ADD: simple ALU instruction (1-cycle latency) 
FADD: floating point instruction (1-cycle latency) 
FMUL: floating point instruction (2-cycle latency) 
LD: load instruction (2-cycle latency) 
STORE: store instruction (1-cycle latency) 
BR: branch instruction (1-cycle latency) 

Rename I9:F2 to F6
       IA:F2 to F6
       IB:F3 to F7
       ID:F3 to F7

Now the VLIW schedule looks like:

	 -----------------------------------------------
	|	I1	|	I6	|	I8	|
	 -----------------------------------------------
	|	I9	|	IB	|	I2	|
	 -----------------------------------------------
	|	I4	|	I3	|	IE	|
	 -----------------------------------------------
	|	I7	|	IA	|	I5	|
	 -----------------------------------------------
	|	IC	|	ID	|	IF	|
	 -----------------------------------------------

(10 points) For a VLIW machine, the compiler has to find independent instructions that can be executed at the same cycle. Supposed that there is a 2-wide VLIW machine. (i.e., there are two instruction slots.) For the first slots, the processor can execute any types of instructions. For the second slots, the processor can execute only loads, stores. Arrange the following code to maximize the performance. The processor is an in-order processor. The compiler needs to insert nops if it cannot find any instructions for a slot.
```
 
0xa000 ADD R0, R0, R2
0xa004 ADD R1, R1, R0
0xa008 FADD R2, R2,  F3
0xa00B FMUL R1, R1, R4
0xa010 STORE MEM[R2], R3
0xa014 FADD R3, F3, R4
0xa018 BR R3, 0x8000
```
ADD: simple ALU instruction
FADD: floating point instruction
FMUL: floating point instruction
STORE: store instruction
FADD: floating point instruction
BR: branch instruction
```
 
ADD R0, R0, R2, NOP 
ADD R1, R1, R0, NOP 
FADD R2, R2, F3, NOP
FMUL R1, R1, R4, STORE MEM[R2], R3
FADD R3,F3, R4, NOP 
BR R3, 0x8000 NOP 
```
(A better question) For a VLIW machine, the compiler has to find independent instructions that can be executed at the same cycle. Supposed that there is a 2-wide VLIW machine. (i.e., there are two instruction slots.) For the first slots, the processor can execute any types of instructions. For the second slots, the processor can execute only integer, floating points operations. Arrange the following code to maximize the performance. The processor is an in-order processor. The compiler needs to insert nops if it cannot find any instructions for a slot.
```
 
0xa000 ADD R0, R0, R5
0xa004 ADD R1, R1, R0
0xa008 FADD R2, R2,  F3
0xa00B FMUL R1, R1, R4
0xa010 STORE MEM[R2], R3
0xa014 FADD R3, F3, R4
0xa018 BR R3, 0x8000
```
ADD: simple ALU instruction
FADD: floating point instruction
FMUL: floating point instruction
STORE: store instruction
FADD: floating point instruction
BR: branch instruction
```
 
ADD R0, R0, R5 : FADD R2, R2, R3 
ADD R1, R1, R0  : NOP 
STORE MEM[R2], R3 :  FMUL R1, R1, R4 
FADD F3, F3, R4 : NOP 
BR R3, 0x80000 : NOP 
```
The following questions won't be graded. So you do not need to turn in. These questions are provided to help you understand the material. The questions might have more than one answers.
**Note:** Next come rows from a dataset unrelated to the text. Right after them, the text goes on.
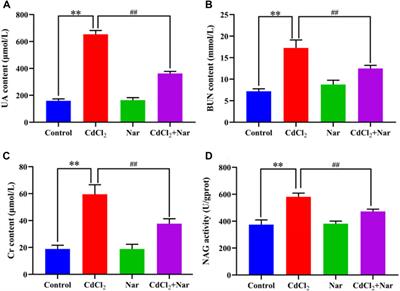 Protective effect of naringenin on cadmium chloride-induced renal injury via alleviating oxidative stress, endoplasmic reticulum stress, and autophagy in chickens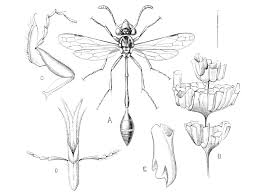 Attēlu rezultāti vaicājumam “Bitoma crenata imago”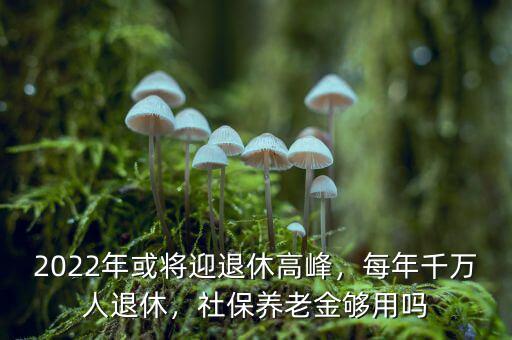 2022年或?qū)⒂诵莞叻?，每年千萬人退休，社保養(yǎng)老金夠用嗎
(no grading) Discuss why a check point based branch prediction recovery mechanism can provide a faster recovery than a ROB based mechanism. Explain with example.
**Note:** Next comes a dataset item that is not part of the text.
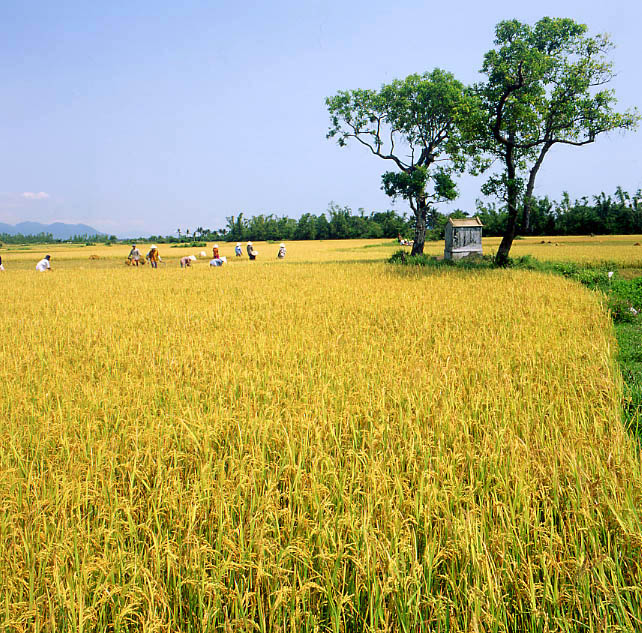 Purchasing 500,000 tonnes of summer-autumn rice for reserve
(no grading) What is a memory disambiguation problem? One of the solutions of solving memory disambiguation problem is waiting all loads until the processor knows the addresses of all younger store instructions. Load store dependency predictor is a more aggressive solution. Surprisingly load store dependency predictor works well. Depending on applications and ISAs, the number of loads that are dependent on near-by stores varies significantly. Discuss why.
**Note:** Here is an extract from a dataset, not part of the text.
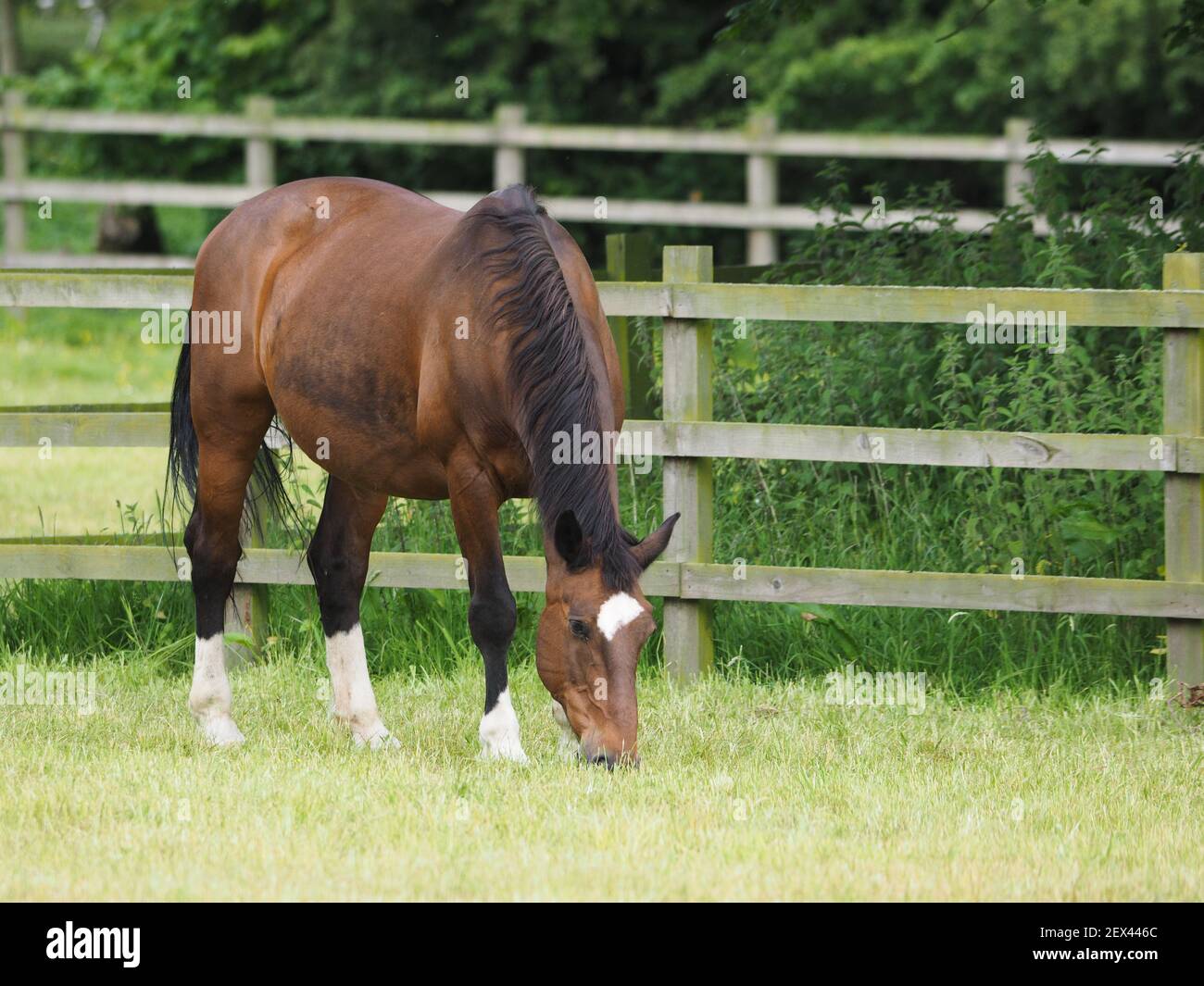 A pretty bay horse grazes in a summer paddock. Stock Photo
(no grading) The benefits of out of order execution is increasing ILP and MLP. Highly optimized compiler can also improve ILP and MLP. Discuss how compilers improve ILP and MLP. What are the limitations of static time scheduling? The answer is not just simply, "oh compiler does not have run-time information.". Using profiling, the compiler can have a lot of run-time information.
(no grading) Many of x86 instructions are actually broken into multiple RISC type uops when they are executed inside a processor. If one of the uops generates an exception, how should we handle them?